■ Task details: Restate every line of the data word for word, except for the images.

■ Supplied data:
BEGIN

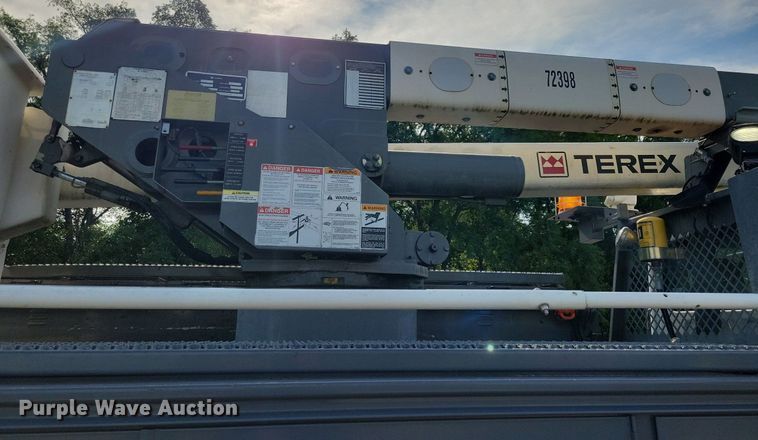 image for item JO9273 2010 Freightliner Business Class M2 106  bucket truck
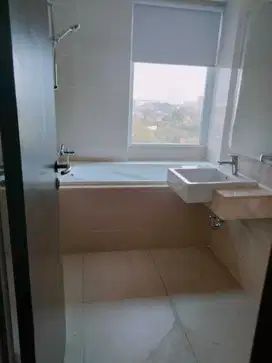 Disewakan Cepat Apartemen Private Lift Puri Mansion 3BR Termurah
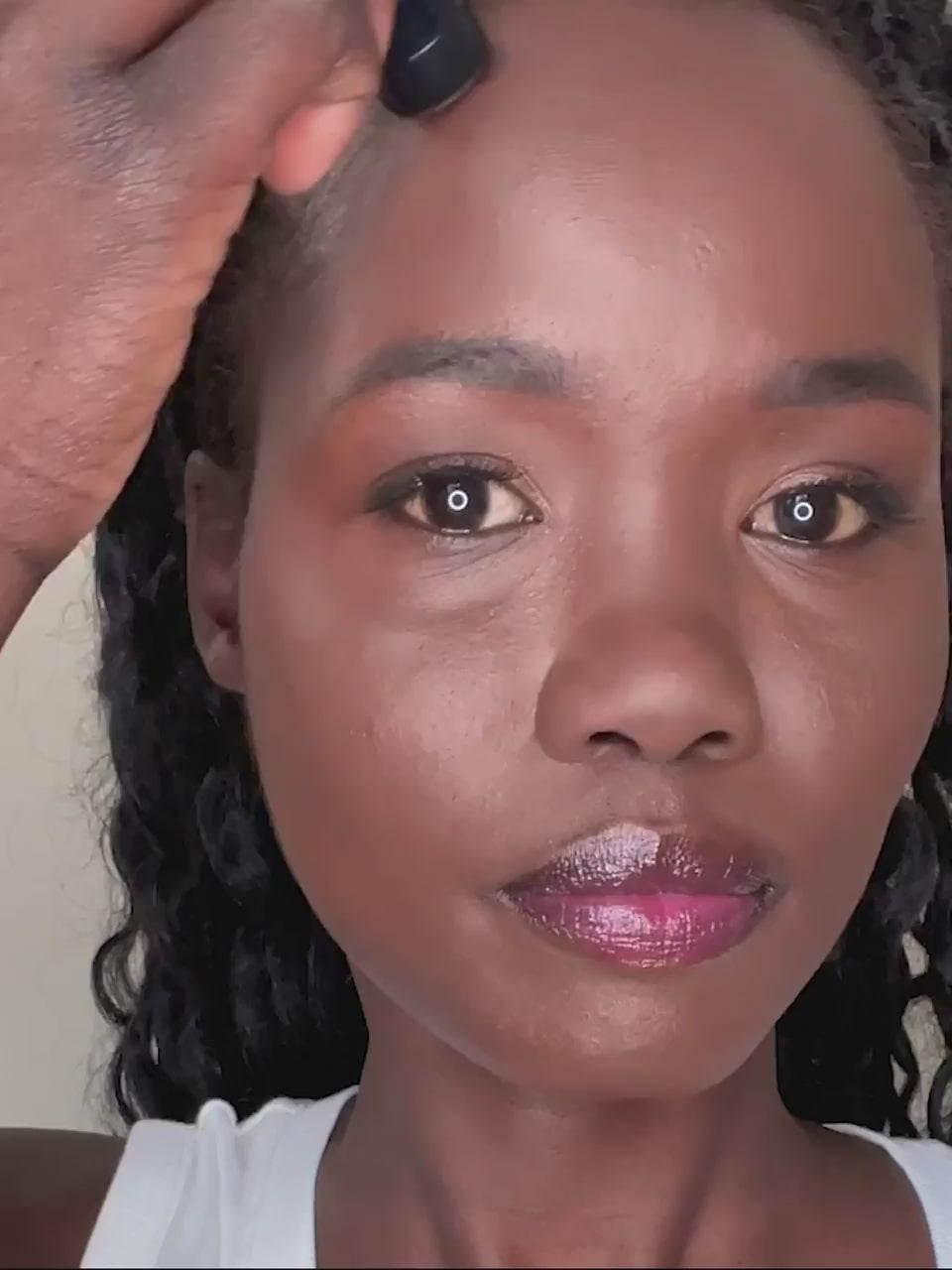 maneater_silk_stick_bronzer_-_tina_-_autoplay_675x898- (720p).mp4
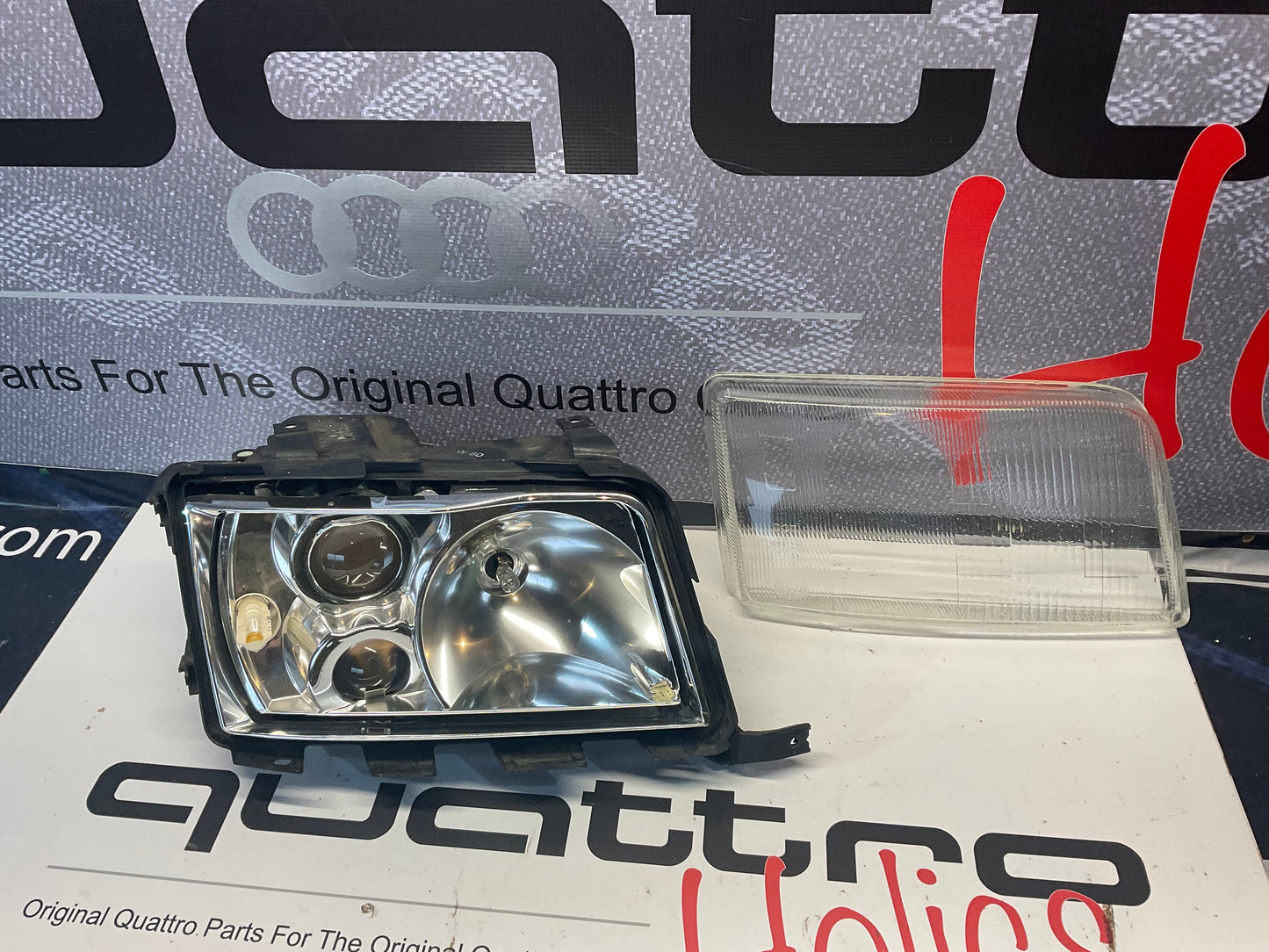 Passenger Headlight Complete Right 4A0941030F  C4 UrS4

END

■ The completed task:
 image for item JO9273 2010 Freightliner Business Class M2 106  bucket truck
 Disewakan Cepat Apartemen Private Lift Puri Mansion 3BR Termurah
 maneater_silk_stick_bronzer_-_tina_-_autoplay_675x898- (720p).mp4
 Passenger Headlight Complete Right 4A0941030F  C4 UrS4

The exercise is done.